_The problem:_
I need all the entries repeated exactly as written.

_Entries supplied:_
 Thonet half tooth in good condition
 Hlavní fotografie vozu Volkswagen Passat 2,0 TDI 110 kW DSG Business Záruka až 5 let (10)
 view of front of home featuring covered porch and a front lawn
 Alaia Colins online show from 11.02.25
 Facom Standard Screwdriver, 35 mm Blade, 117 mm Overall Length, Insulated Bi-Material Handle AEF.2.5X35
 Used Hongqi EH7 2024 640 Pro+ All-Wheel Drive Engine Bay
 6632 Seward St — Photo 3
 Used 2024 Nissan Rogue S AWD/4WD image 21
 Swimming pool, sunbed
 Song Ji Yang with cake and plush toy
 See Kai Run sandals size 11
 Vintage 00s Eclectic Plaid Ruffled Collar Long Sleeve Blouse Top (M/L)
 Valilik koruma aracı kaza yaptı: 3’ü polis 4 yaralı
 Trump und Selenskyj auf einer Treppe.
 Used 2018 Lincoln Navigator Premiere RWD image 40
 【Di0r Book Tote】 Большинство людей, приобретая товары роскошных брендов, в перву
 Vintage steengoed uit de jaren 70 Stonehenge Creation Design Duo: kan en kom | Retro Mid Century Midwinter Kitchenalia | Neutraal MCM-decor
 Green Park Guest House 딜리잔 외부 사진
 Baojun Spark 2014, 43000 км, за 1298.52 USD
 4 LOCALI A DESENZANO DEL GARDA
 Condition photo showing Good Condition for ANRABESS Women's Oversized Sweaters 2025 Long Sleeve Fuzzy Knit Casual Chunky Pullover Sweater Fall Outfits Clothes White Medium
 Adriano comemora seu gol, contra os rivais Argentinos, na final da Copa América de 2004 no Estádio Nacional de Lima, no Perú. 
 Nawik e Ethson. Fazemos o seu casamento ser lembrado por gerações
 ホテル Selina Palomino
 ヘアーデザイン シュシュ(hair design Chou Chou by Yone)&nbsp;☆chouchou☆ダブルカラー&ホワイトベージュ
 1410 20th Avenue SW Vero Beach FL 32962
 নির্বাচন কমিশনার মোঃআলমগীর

_Written response:_
 Thonet half tooth in good condition
 Hlavní fotografie vozu Volkswagen Passat 2,0 TDI 110 kW DSG Business Záruka až 5 let (10)
 view of front of home featuring covered porch and a front lawn
 Alaia Colins online show from 11.02.25
 Facom Standard Screwdriver, 35 mm Blade, 117 mm Overall Length, Insulated Bi-Material Handle AEF.2.5X35
 Used Hongqi EH7 2024 640 Pro+ All-Wheel Drive Engine Bay
 6632 Seward St — Photo 3
 Used 2024 Nissan Rogue S AWD/4WD image 21
 Swimming pool, sunbed
 Song Ji Yang with cake and plush toy
 See Kai Run sandals size 11
 Vintage 00s Eclectic Plaid Ruffled Collar Long Sleeve Blouse Top (M/L)
 Valilik koruma aracı kaza yaptı: 3’ü polis 4 yaralı
 Trump und Selenskyj auf einer Treppe.
 Used 2018 Lincoln Navigator Premiere RWD image 40
 【Di0r Book Tote】 Большинство людей, приобретая товары роскошных брендов, в перву
 Vintage steengoed uit de jaren 70 Stonehenge Creation Design Duo: kan en kom | Retro Mid Century Midwinter Kitchenalia | Neutraal MCM-decor
 Green Park Guest House 딜리잔 외부 사진
 Baojun Spark 2014, 43000 км, за 1298.52 USD
 4 LOCALI A DESENZANO DEL GARDA
 Condition photo showing Good Condition for ANRABESS Women's Oversized Sweaters 2025 Long Sleeve Fuzzy Knit Casual Chunky Pullover Sweater Fall Outfits Clothes White Medium
 Adriano comemora seu gol, contra os rivais Argentinos, na final da Copa América de 2004 no Estádio Nacional de Lima, no Perú. 
 Nawik e Ethson. Fazemos o seu casamento ser lembrado por gerações
 ホテル Selina Palomino
 ヘアーデザイン シュシュ(hair design Chou Chou by Yone)&nbsp;☆chouchou☆ダブルカラー&ホワイトベージュ
 1410 20th Avenue SW Vero Beach FL 32962
 নির্বাচন কমিশনার মোঃআলমগীর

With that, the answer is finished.